[Issue]: rocprofv2 get more kernel dispatches than rocprofv1
Problem Description
When use api trace on vllm inference, rocprof get less kernel dispatch records than rocprof_v2, which result tend to be correct? Possible reasons for the mismatch between kernel records of v1 and v2?
Operating System
OS: NAME="Ubuntu" VERSION="20.04.6 LTS (Focal Fossa)"
CPU
CPU: model name : Hygon C86 3380 8-core Processor
GPU
AMD Instinct MI250
ROCm Version
ROCm 5.7.1
ROCm Component
rocprofiler
Steps to Reproduce
rocprof and rocprofv2 hip-trace, kernel-trace on vllm inference app
(Optional for Linux users) Output of /opt/rocm/bin/rocminfo --support
No response
Additional Information
No response
Hi @hgtsoi , can you provide more detailed reproduction steps? I am not sure exactly what "vllm inference app" refers to. If you are running a specific workload, can you please provide the binary (or source repo would be even better) so we can reproduce the issue internally and diagnose it.

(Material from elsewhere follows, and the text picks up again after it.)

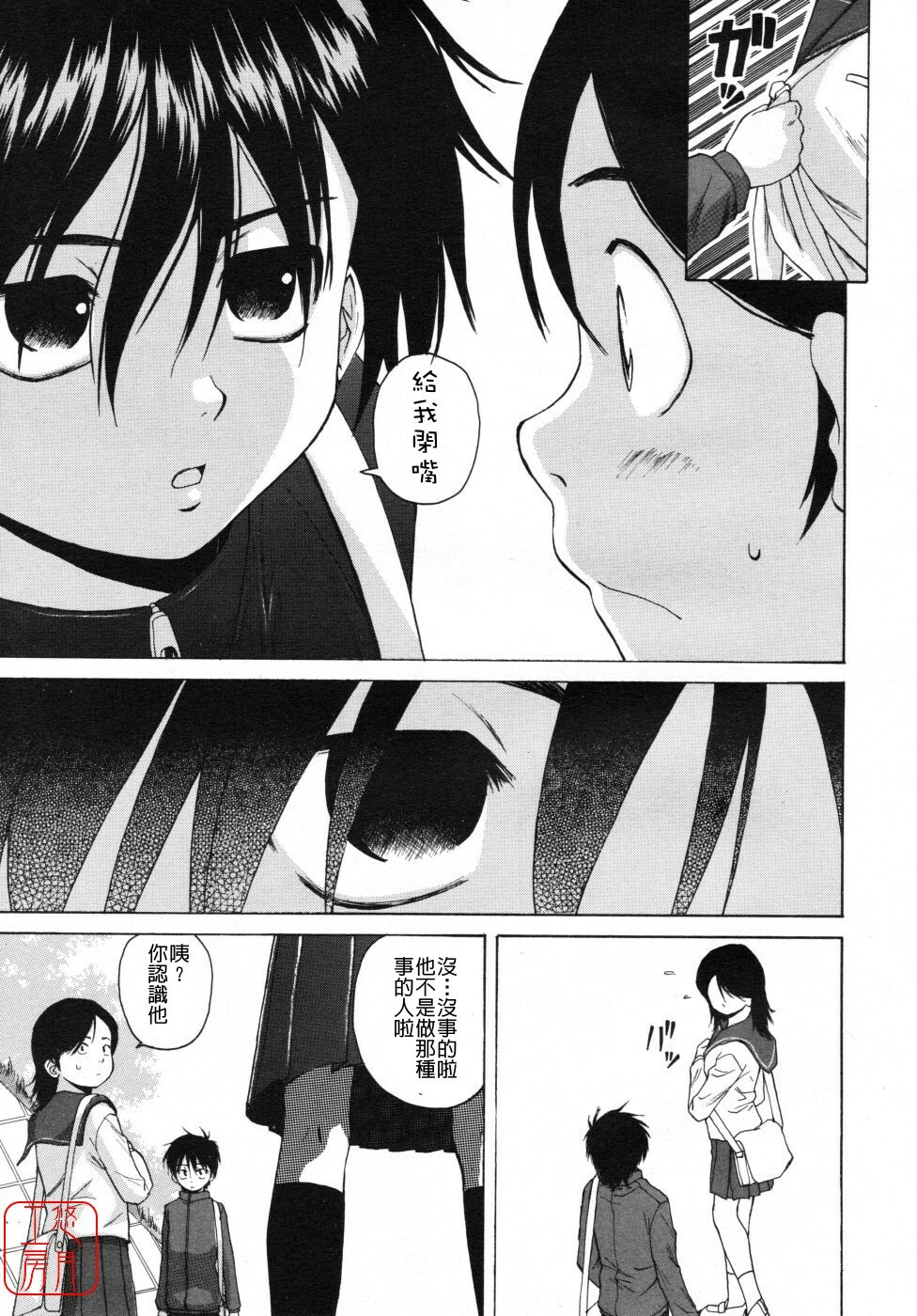 [Fuuga] Girl Friend 2 (Chinese) page 17 full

rocprof uses a method built into HIP to trace kernels which effectively amounts to HIP reporting back to rocprof the timing of the kernels it launched. rocprofv2 using --hip-activity does the same but rocprofv2 with --kernel-trace uses a (more robust) lower-level queue interception method in the HSA library. I suspect the “extra” kernels you are seeing in rocprofv2 are via kernel tracing and those extra kernels have names starting with __amd_rocclr_. These are called BLIT kernels and HIP frequently uses them in things like the memset routines (basically just imagine a kernel which has an GPU memory address, a fill value, and a number of bytes which sets all those addresses to the fill value). IIRC, hip-trace does not self-report the BLIT kernels it uses back to rocprof.
@hgtsoi Side note: if you weren’t aware, there is a new rocprofv3 released in ROCm 6.2 as a beta, which is built on top of the new rocprofiler-sdk (also released in ROCm 6.2 as a beta).
rocprofv2 never officially made it out of the beta stage. For various reasons, we completely re-designed the underlying profiling library (rocprofiler-sdk) and rocprofv3 from scratch.
I’d strongly suggest using rocprofv3 over rocprofv2 at this point. rocprofv3 is very close to having feature parity, has a lower overhead than v1 and v2, and is significantly better tested.
@hgtsoi closing this ticket due to inactivity. Feel free to reopen it if you still need help.